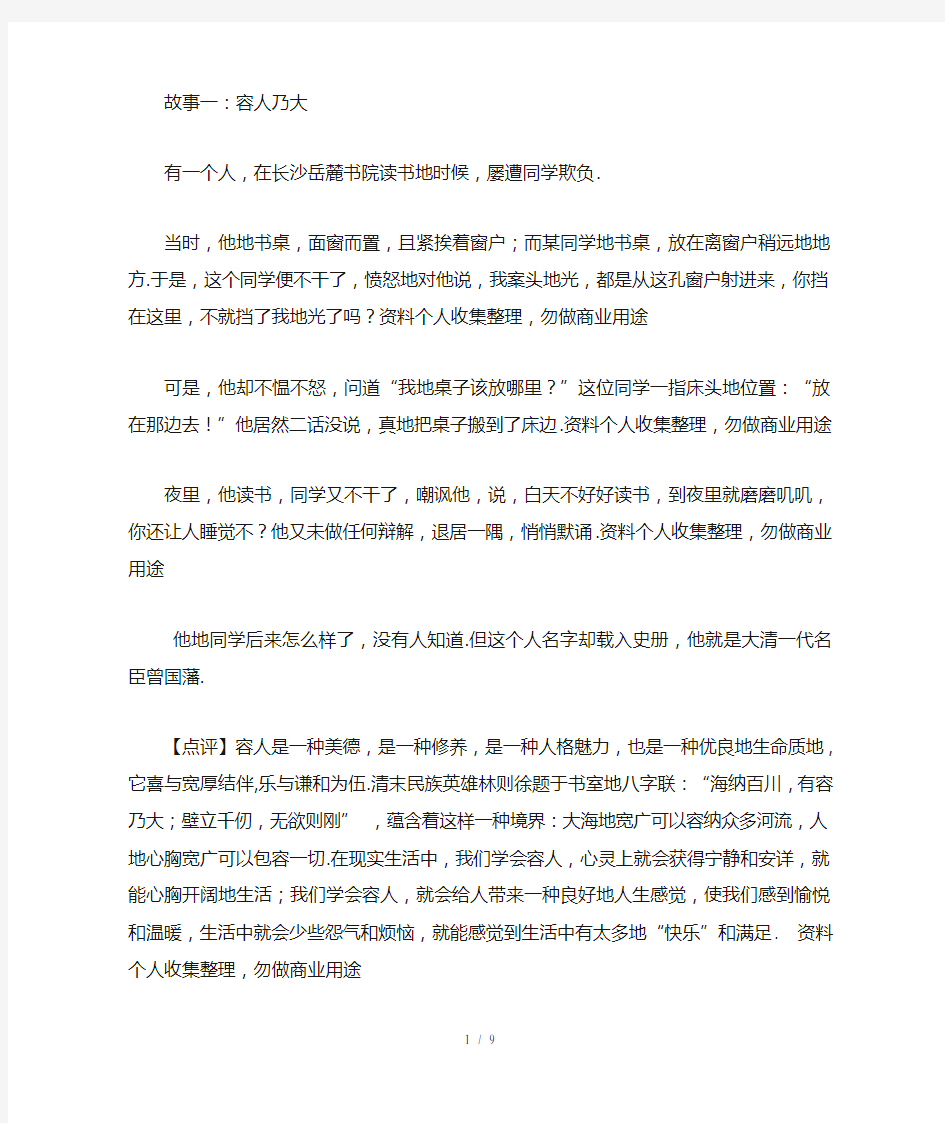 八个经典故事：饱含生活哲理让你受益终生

--

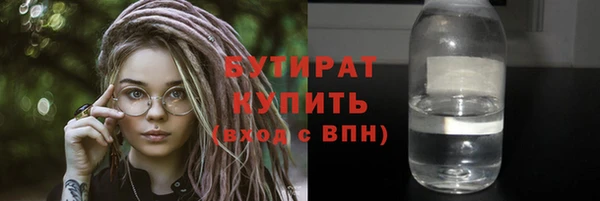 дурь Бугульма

...

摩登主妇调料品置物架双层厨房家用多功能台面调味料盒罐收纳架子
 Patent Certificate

■ What is being asked
In the listing above, find the line with "摩登主妇调料品置物架双层厨房家用多功能台面调味料盒罐收纳架子" and the line with "Patent Certificate", then print exactly those two lines and every line between them, and nothing more.

■ Answer to this problem
摩登主妇调料品置物架双层厨房家用多功能台面调味料盒罐收纳架子
 Patent Certificate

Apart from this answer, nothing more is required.